Chapitre 19 (1)

860 114 80
                                    

JESSIE


Pour la première fois de mon existence, je me sens comme une paria entre les murs d'Helgrind. Après la nuit pour le moins mouvementée qui vient de se dérouler, je préfère faire profil bas et esquiver les individus que j'ai froissés. Si je me fous éperdument d'avoir cogné Silas – que je sais trop chétif et trop couard pour tenter de se venger –, je ne suis pas naïve au point de sous-estimer la folie de Khojen. Il n'hésitera pas à ruser pour me détruire, mais je ne compte pas lui offrir la satisfaction de parvenir à ses fins.

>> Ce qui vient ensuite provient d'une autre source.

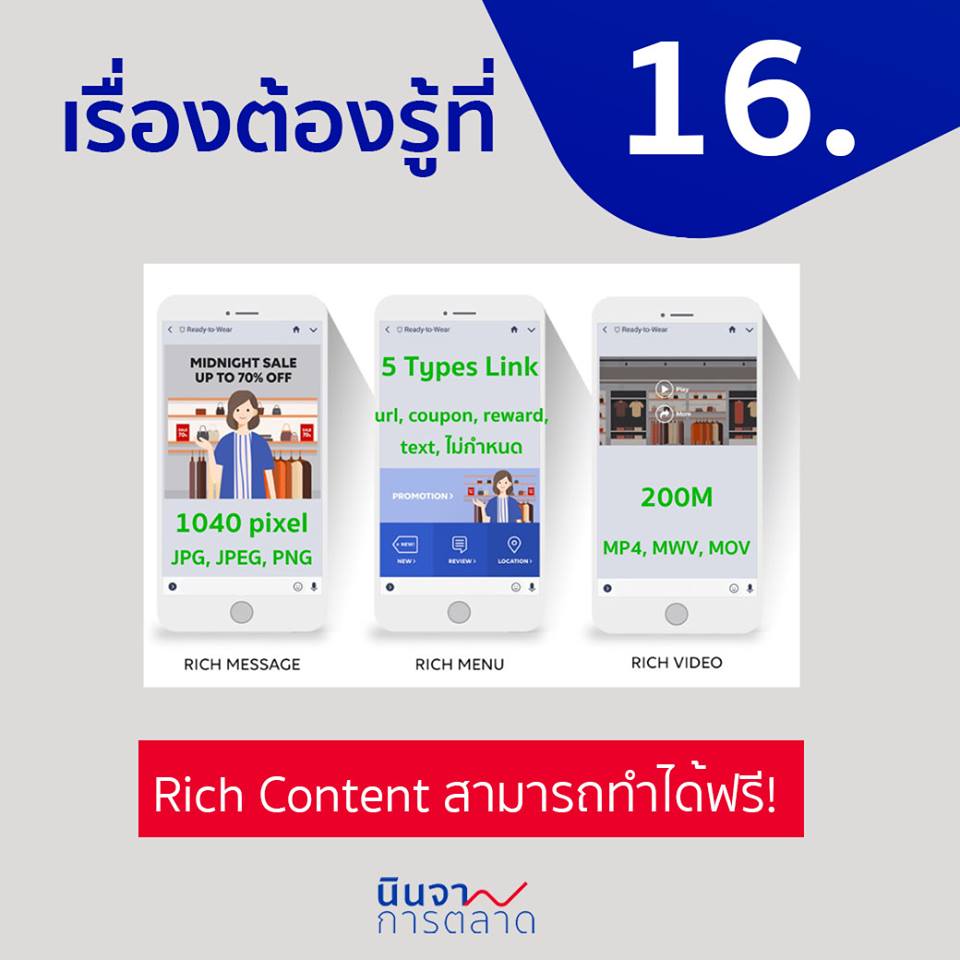 Rich Content สามารถทำได้ฟรี !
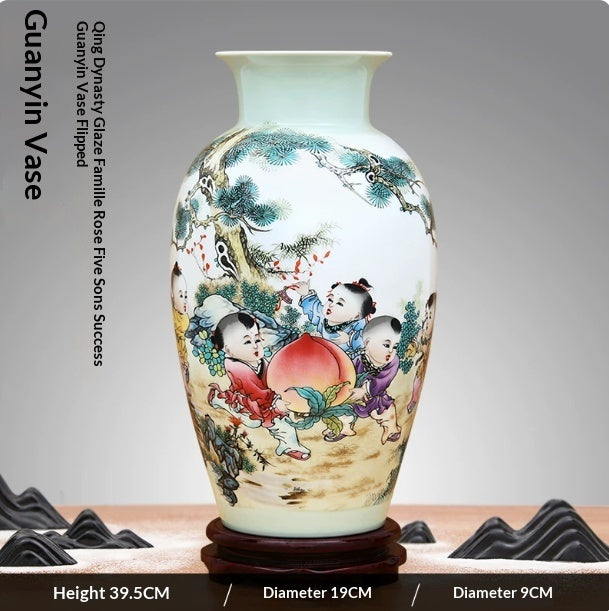 New Chinese Style Living Room Decorative Vase Ornaments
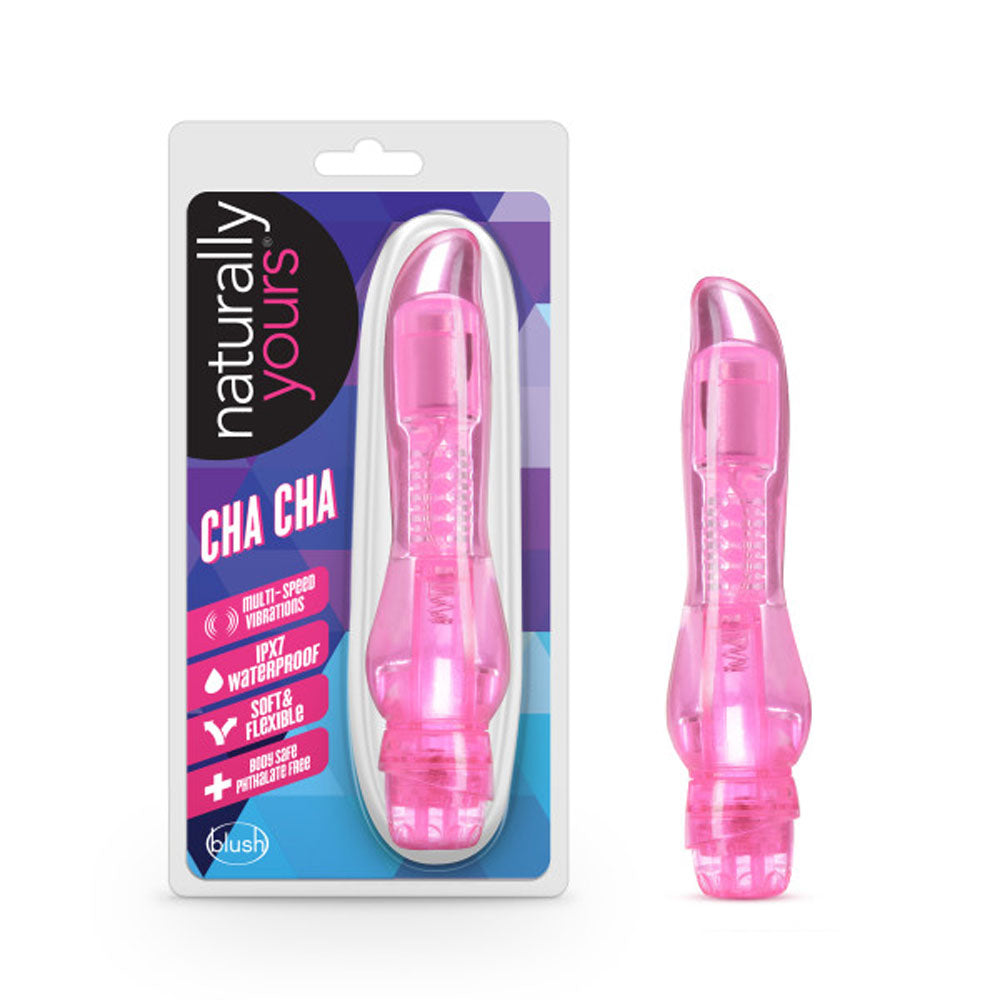 Naturally Yours - Cha Cha - Pink | 819835024286 | Available at EroticWarehouse.com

En outre, je dois retourner sur Terre, après quelques heures infructueuses de repos. À la suite de notre entretien musclé avec Éléazar, Aela et moi avons regagné nos pénates et tenté de nous abrutir dans un sommeil réparateur. Pour ma part, cela a été aussi efficace qu'un bisou magique sur une horrible brûlure. Durant huit longues heures, j'ai gardé les yeux ouverts et rivés sur le plafond de ma chambre, incapable de calmer les rouages échauffés de mon cerveau. Sans relâche, je me suis rejoué le film de mon enlèvement, de ma conversation avec Gali, puis de celle avec le Roi. S'en est suivi le souvenir désagréable de la terreur dans les yeux de ma moitié, et de l'inquiétude dans ceux de mon Formateur. J'ai aussi pensé à Victor. Beaucoup.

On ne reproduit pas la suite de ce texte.